Search code examples
pythonpytorchduplicatessparse-matrixtensor

Identifying and removing duplicate columns/rows in sparse binary matrix in PyTorch


Let's suppose we have a binary matrix A with shape n x m, I want to identify rows that have duplicates in the matrix, i.e. there is another index on the same dimension with the same elements in the same positions.

It's very important not to convert this matrix into a dense representation, since the real matrices I'm using are quite large and difficult to handle in terms of memory.

Using PyTorch for the implementation:

# This is just a toy sparse binary matrix with n = 10 and m = 100
A = torch.randint(0, 2, (10, 100), dtype=torch.float32).to_sparse()

Intuitively, we can perform the dot product of this matrix producing a new m x m matrix which contains in terms i, j, the number of 1s that the index i has in the same position of the index j at dimension 0.

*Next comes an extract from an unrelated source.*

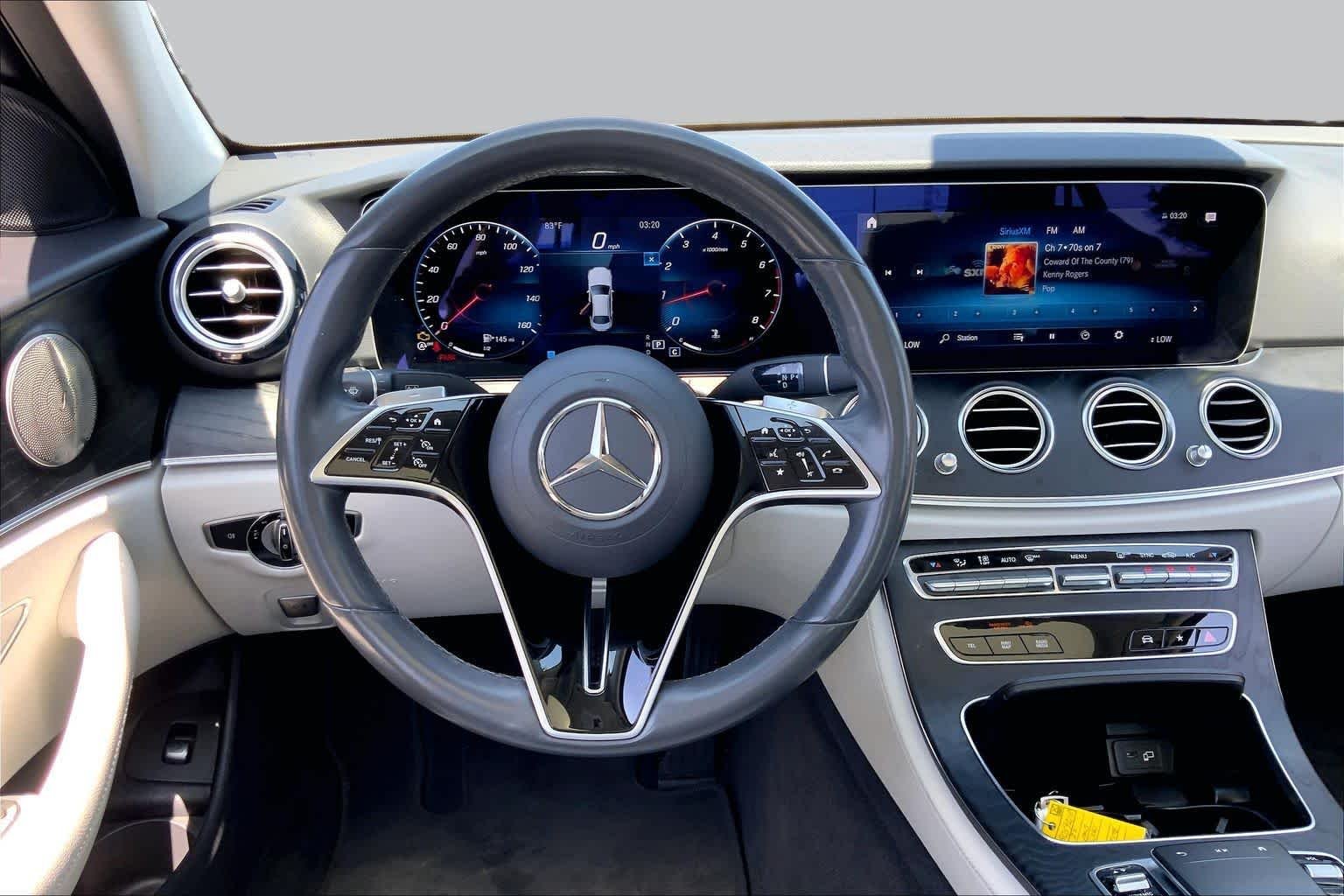 Certified Used 2022 MANUFAKTUR Diamond White Mercedes-Benz E 350 image 6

B = A.T @ A # In PyTorch, this operation will also produce a sparse representation

At this point, I've tried to combine these values, comparing them with A.sum(0),

num_elements = A.sum(0)
duplicate_rows = torch.logical_and([
   num_elements[B.indices()[0]] == num_elements[B.indices()[1]],
   num_elements[B.indices()[0]] == B.values()
])

But this did not work!

I think that the solution can be written only by using operations on PyTorch Sparse tensors (without using Python loops and so on), and this could also be a benefit in terms of performance.


Solution

  • Here is an implementation where the duplicate rows in a binary sparse matrix are identified. It returns a mask of the rows to keep from the sparse matrix, but can easily be adjusted to give e.g. indices of duplicate rows. It also handles cases where 3 or more rows are duplicates of each other and only keeps 1 row per group (the lowest index row is always kept for simplicity).

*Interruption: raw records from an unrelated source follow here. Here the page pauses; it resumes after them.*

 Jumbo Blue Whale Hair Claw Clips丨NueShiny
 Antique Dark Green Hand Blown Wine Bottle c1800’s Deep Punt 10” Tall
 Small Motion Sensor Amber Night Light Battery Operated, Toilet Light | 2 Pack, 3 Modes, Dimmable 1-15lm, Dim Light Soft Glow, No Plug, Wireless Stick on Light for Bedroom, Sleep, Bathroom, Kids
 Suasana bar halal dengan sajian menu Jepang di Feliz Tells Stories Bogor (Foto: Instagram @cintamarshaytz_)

    def get_unique_row_mask_sparse(A):
        # Number of matching 1s between each pair of rows
        B = A @ A.T
        
        # Number of 1s in each row
        row_sums = torch.sparse.sum(A, dim=1).to_dense()
        
        indices = B.indices()
        i, j = indices[0], indices[1]
        
        # Two rows i and j are duplicates if:
        # 1) B[i,j] == row_sums[i] == row_sums[j]
        # 2) i != j (exclude diagonal)
        # Moreover, we only keep the upper diagonal of the matrix to avoid duplicates 
        same_row_sums = row_sums[i] == row_sums[j]
        matches_equal_sums = B.values() == row_sums[i]
        not_diagonal = i != j
        upper_triangular = i < j
    
        is_duplicate_pair = same_row_sums & matches_equal_sums & not_diagonal & upper_triangular
        duplicate_pairs = indices[:, is_duplicate_pair]
    
        # For each duplicate pair (i,j), we keep row i
        keep_mask = torch.ones(A.size(0), dtype=torch.bool)
        for pair_idx in range(duplicate_pairs.size(1)):
            row_i, row_j = duplicate_pairs[:, pair_idx]
            keep_mask[row_j] = False
    
        return keep_mask
    

    Testing code:

    torch.manual_seed(42)
    A = torch.randint(0, 2, (10, 100), dtype=torch.float32).to_sparse()
    
    # Force some duplicate rows for testing
    A_dense = A.to_dense()
    A_dense[3] = A_dense[1]
    A_dense[6] = A_dense[1]
    A_dense[9] = A_dense[2]
    A = A_dense.to_sparse()
    
    keep_mask = get_unique_row_mask_sparse(A)
    print(keep_mask)
    

    Gives the result:

    tensor([ True,  True,  True, False,  True,  True, False,  True,  True, False])
    

    You can run the following to create a new sparse tensor from this.

    A_indices = A.indices()
    rows_mask = keep_mask[A_indices[0]]
    A_unique = torch.sparse_coo_tensor(
        A_indices[:, rows_mask],
        A.values()[rows_mask],
        (keep_mask.sum().item(), A.size(1))
    ).coalesce()